Gen AI 101: Data Engineering (Part 2)

This article was co-written by Lawrence Liu & Safwan Islam

While the title ‘Machine Learning Engineer’ may sound more prestigious than ‘Data Engineer’ to some, the reality is that these roles share a significant overlap. Both roles are responsible for implementing data pipelines with best practices; machine learning engineers have the added task of serving the final data product to deployed machine learning models.

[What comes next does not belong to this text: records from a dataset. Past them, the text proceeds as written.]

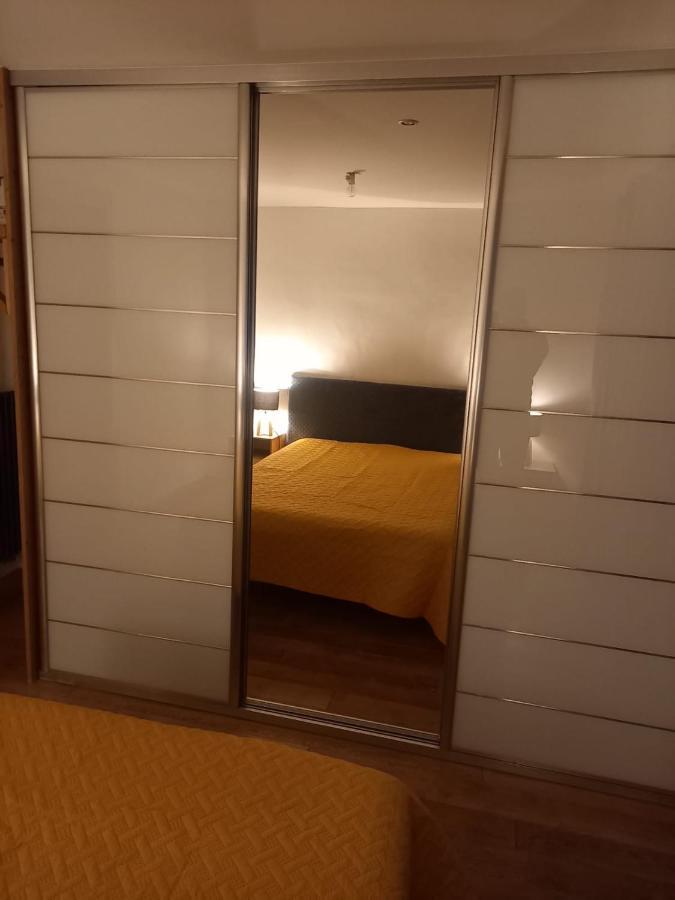 Appartement Centre Du Village Brides Les Bains Bagian luar foto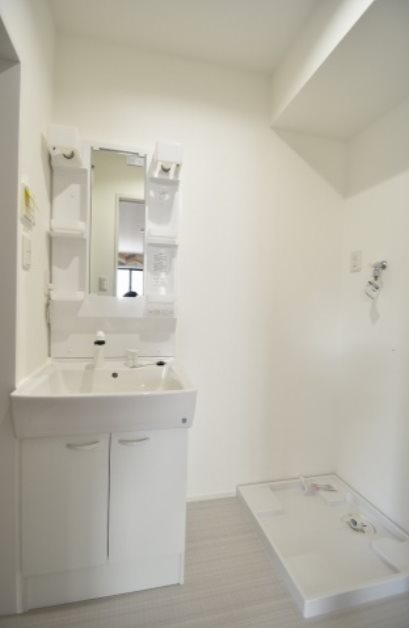 洗面設備　※同物件別号室参考写真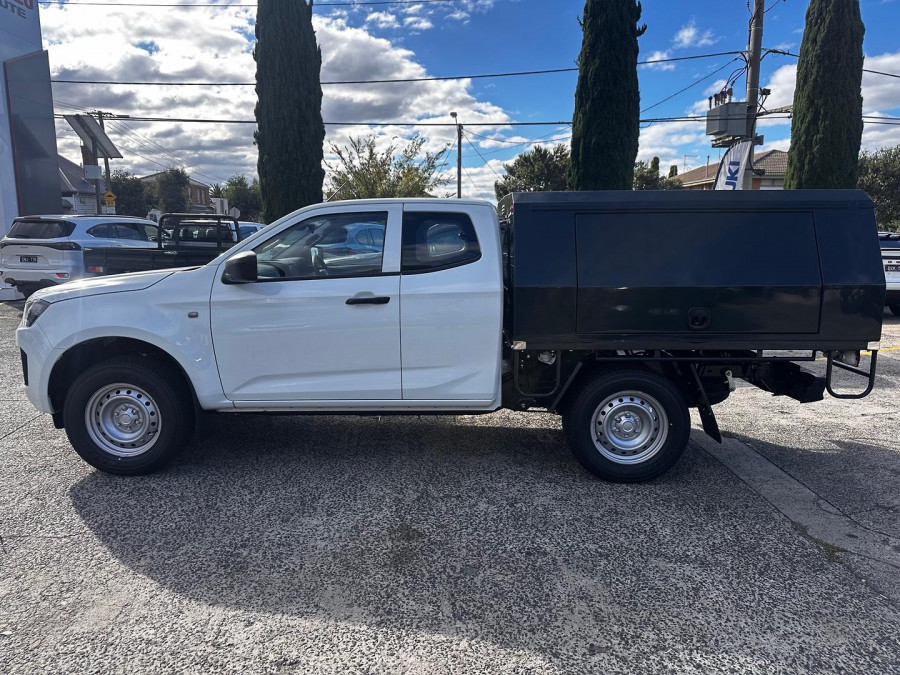 2026 MY25.5 Isuzu D-MAX RG SX Cab Chassis Image 1
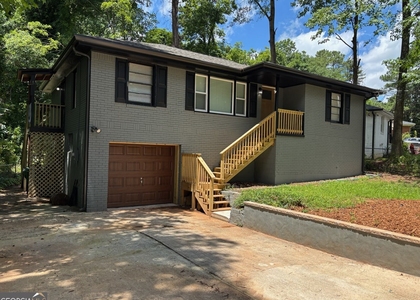 2645 Gresham Road Se - Photo 1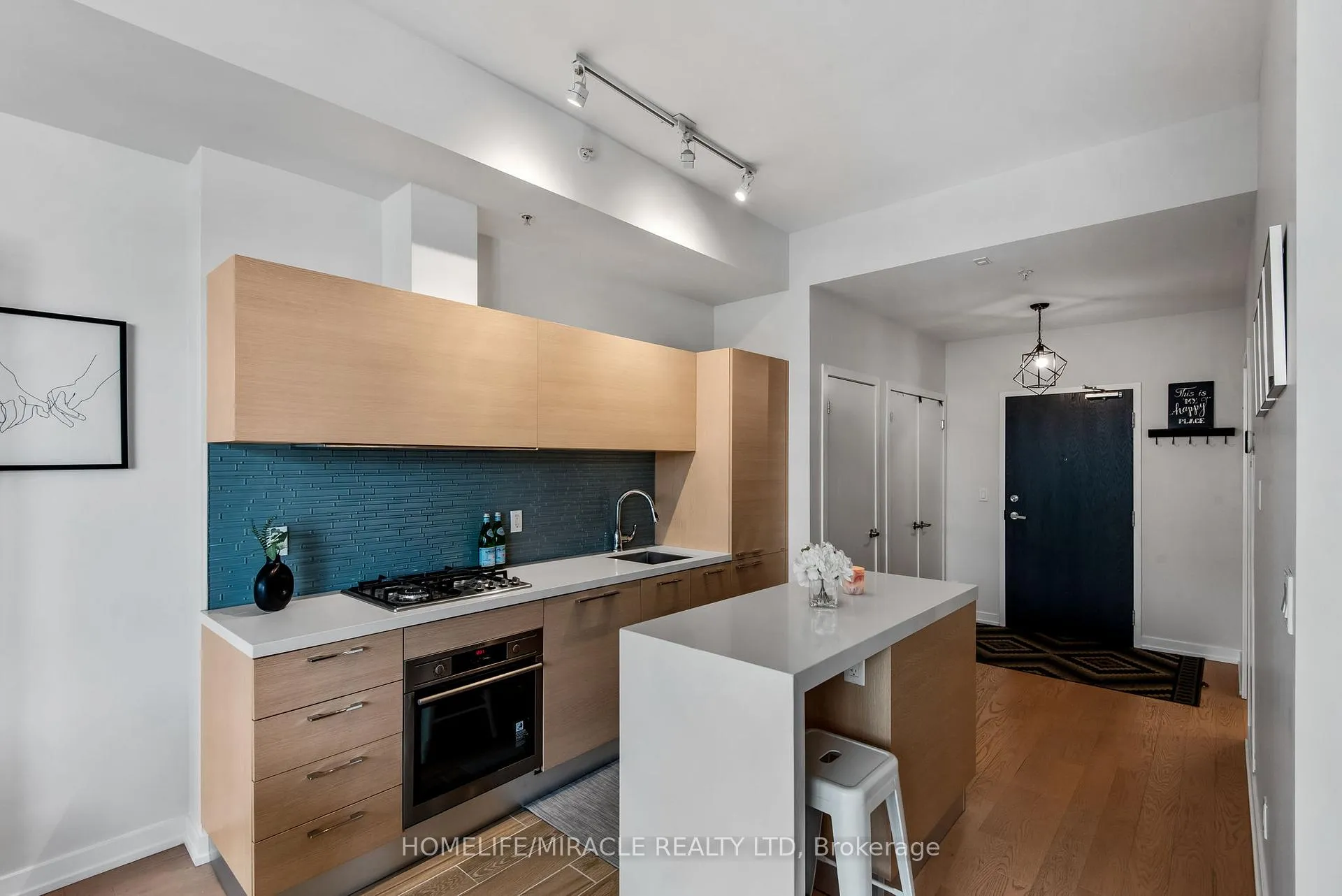 Photo 10 of Unit 306, 2 Bellefair Avenue, Toronto, The Beaches — HOMEH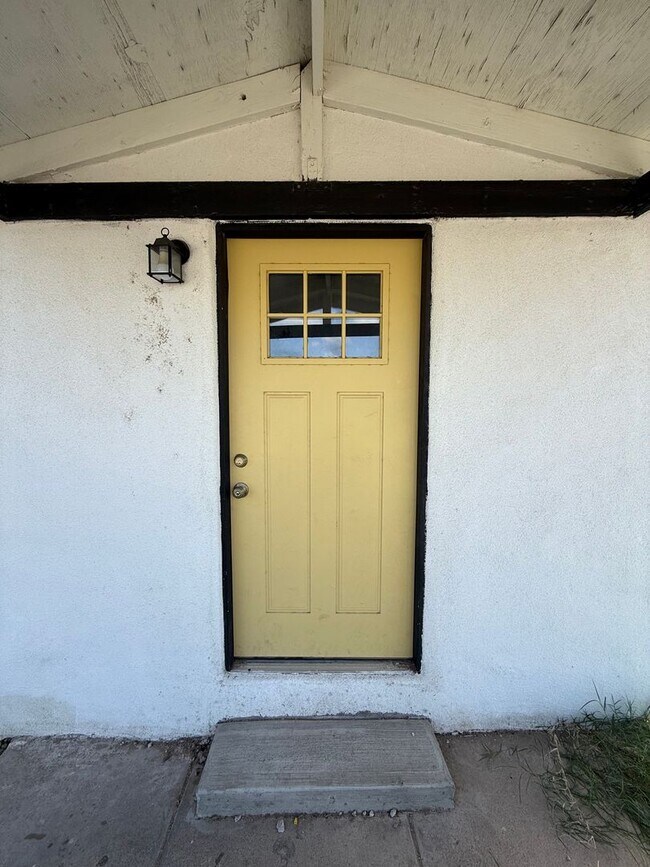 Foto del edificio - Remodeled 2 Bedroom w/ Utilities Included!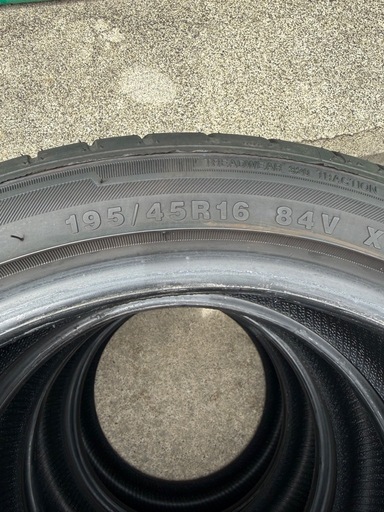 195/45R16夏タイヤ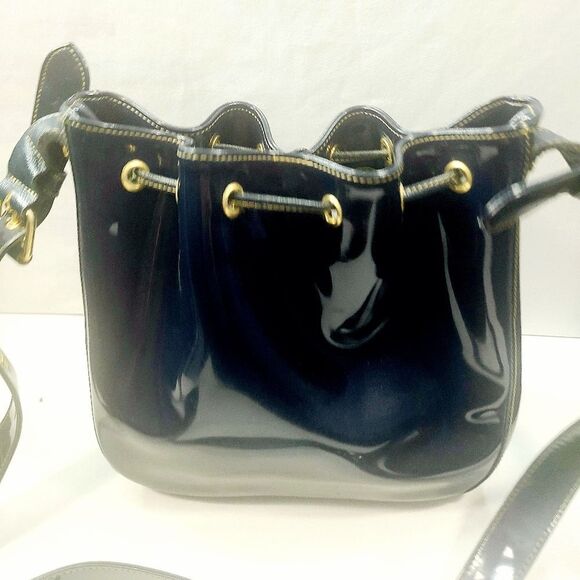 Valentino Garavani Leather Shoulder Bag - Picture 5 of 6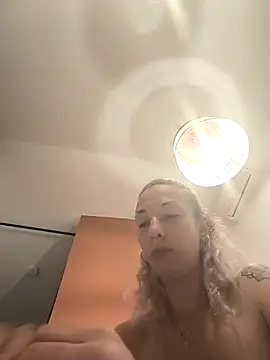 thefrenchkiss25's room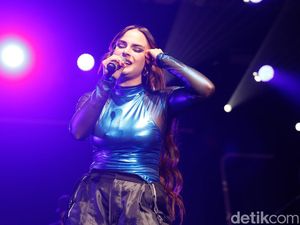 Aksi Memukau JoJo di Java Jazz Festival 2022 Aksi Memukau JoJo di Java Jazz Festival 2022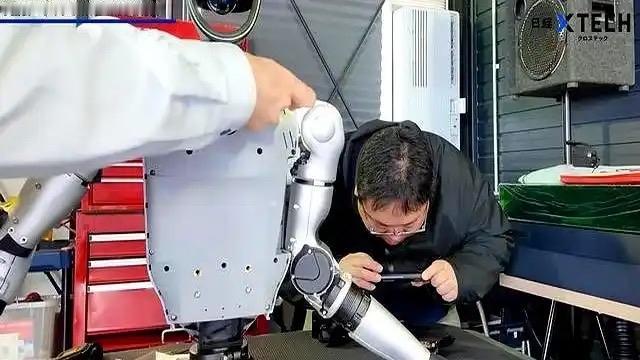 被上了一课！日本工程师拆解了一个中国制造的机器人后，直接傻眼了！
据日媒报道，近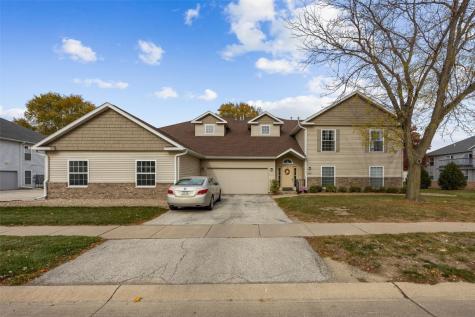 4545 Westchester Drive Drive NE Cedar Rapids IA 52402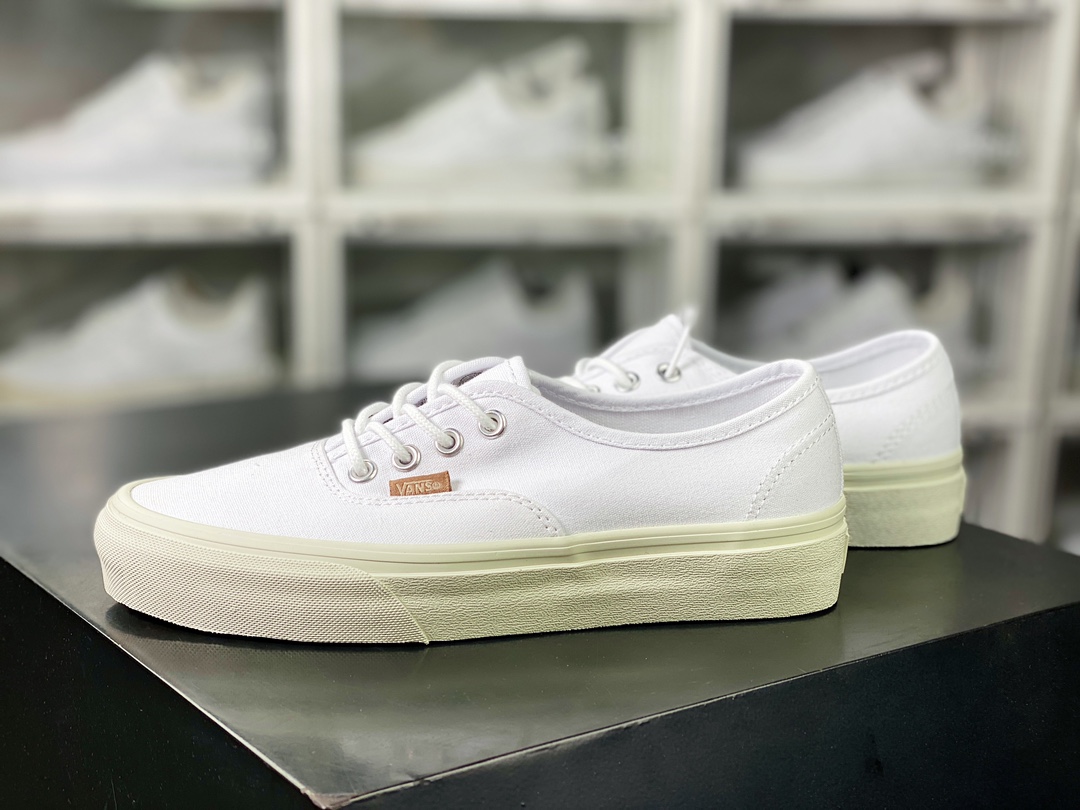 JJJJound x 【Vans】 OG Authentic LX ”White” Anaheim 5-hole low-top lace-up sneakers ”Joint Sail White” VN0A4CS4W00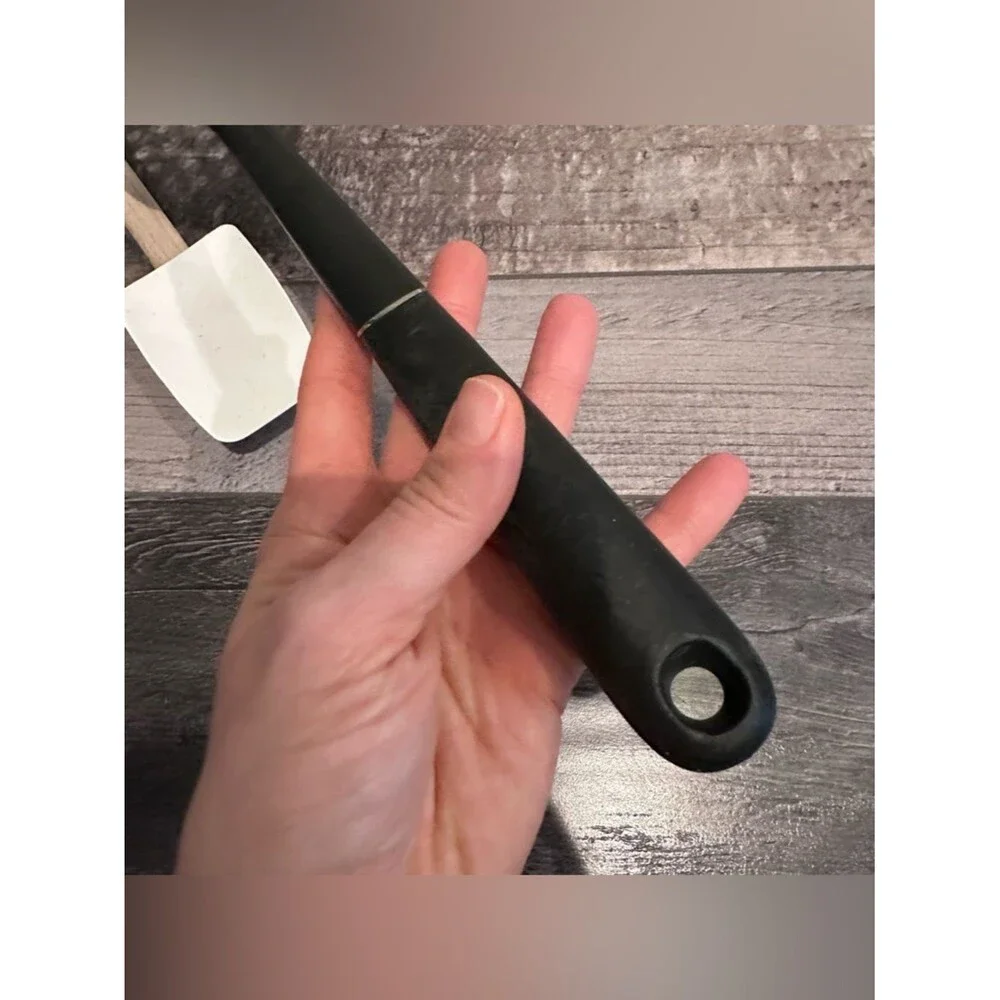 Oxo black slotted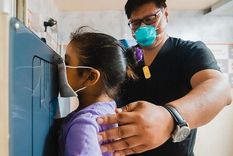 Un médico realiza una radiografía a una niña en la clínica TB Móvil de la ONG Socios en Salud en Perú. Foto: WILLIAM CASTRO | SOCIOS EN SALUD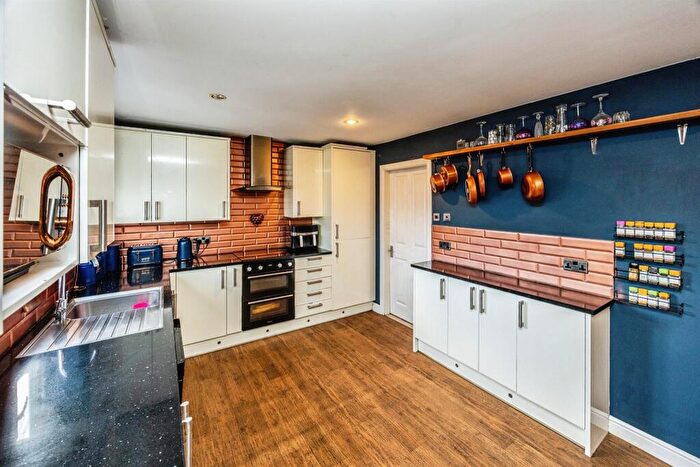 4 Bedroom Detached House For Sale In Orchard Rise, Sowerby Bridge, HX6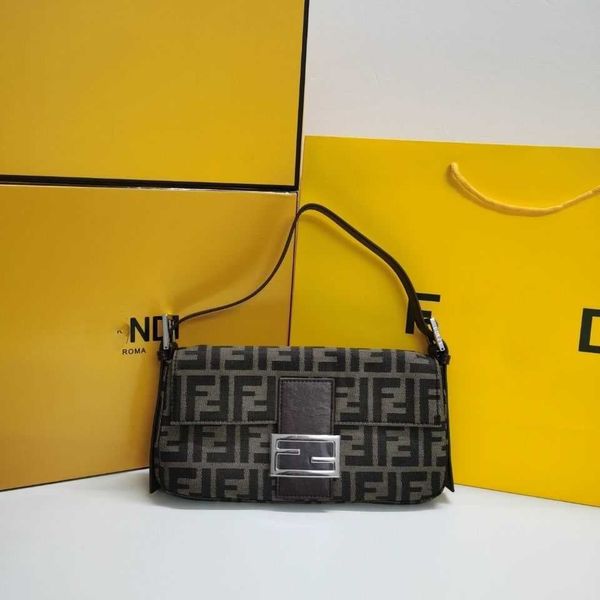 

the latest bag for women in 2021. star's one shoulder messenger is super versatile and portable, zly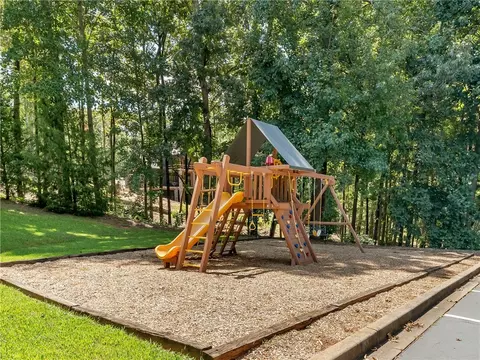 Exterior - 331 N Summit Dr, Seneca, SC 29672 photo 6 of 7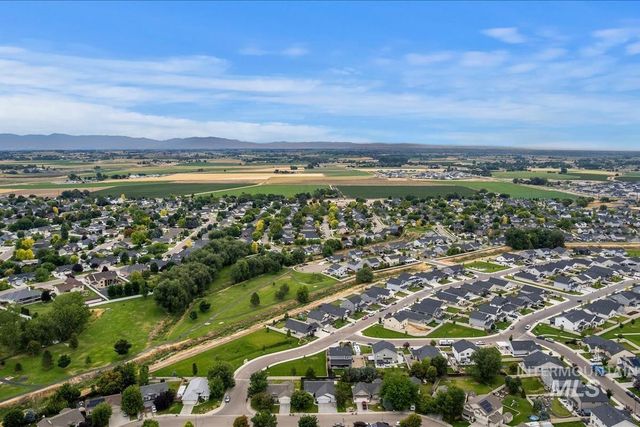 3906 E Clear Springs Dr, Nampa, ID 83686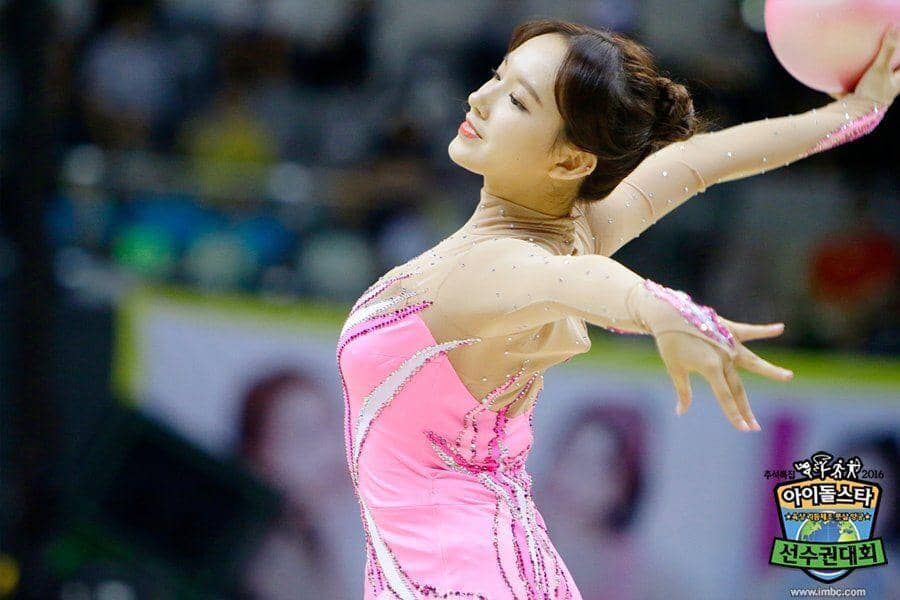 twitter.com/KpopChartNet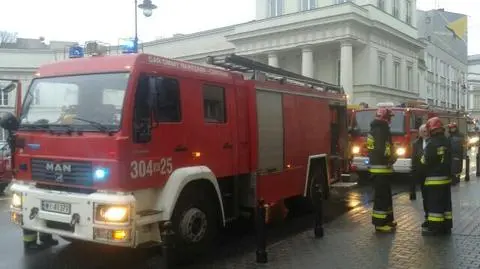 Ogień w ZUS. "Niewielkie płomienie przy windach"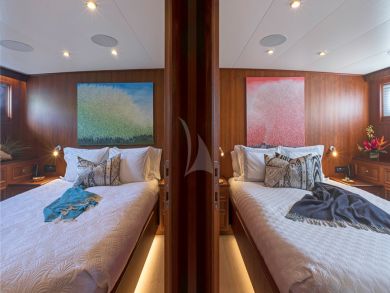 Luxury World Class Yacht with Five State Rooms and Crew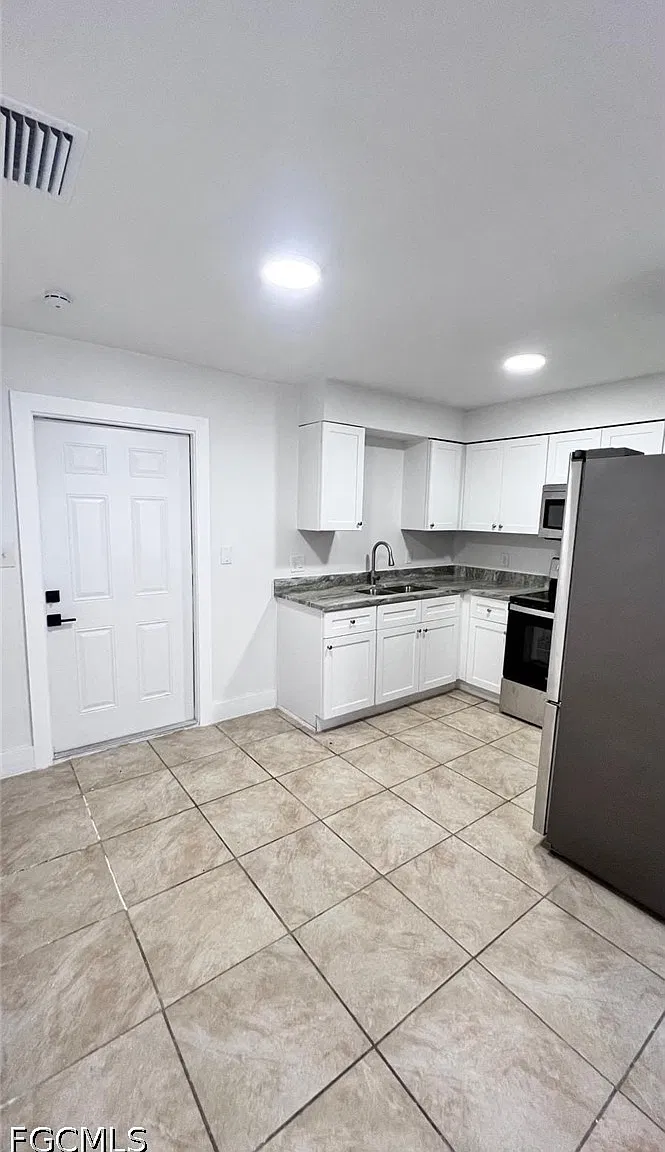 2 bed, 1.0 bath, 1300 sqft, $1,350 — Photo 4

Generative AI has unlocked the value of unstructured text-based data. This does not mean we’ve left the world of data engineering behind; unstructured data still requires robust data pipelining. Just as machine learning applications rely on data engineering, so do generative AI applications. Without data engineering, the development of generative AI would not be possible.

In the second part of our AI 101 series, we’ll explore why having a robust data engineering program is vital for Gen AI success.

Where Data Engineering Fits in a Gen AI Application

Out of the box, large language models possess good foundational knowledge. However, little value is added if a generative AI application relies solely on a model’s foundational knowledge without additional context or training/fine-tuning. The retrieval augmented generation framework was introduced to address this issue.

RAG is a framework that retrieves additional information from a knowledge base to augment the prompt input provided to the LLM with relevant context. This additional context will enable the LLM to produce the best possible result given the information in the knowledge base. Data engineering comes into play when processing and storing structured and unstructured data into formats that are ready to be used as context for LLM prompts.

PDFs, internal wiki pages, and slack threads are examples of unstructured data that contain valuable textual information that can be provided as context for an LLM. That being said, these sources in their native form are neither in a location nor format that would be easily accessible to a RAG-based generative AI application.

Data engineering is required to process and store these unstructured data sources in a vector database or search engine. With the unstructured data processed and in a data store, a generative AI agent can more easily retrieve the most relevant information as context for the LLM.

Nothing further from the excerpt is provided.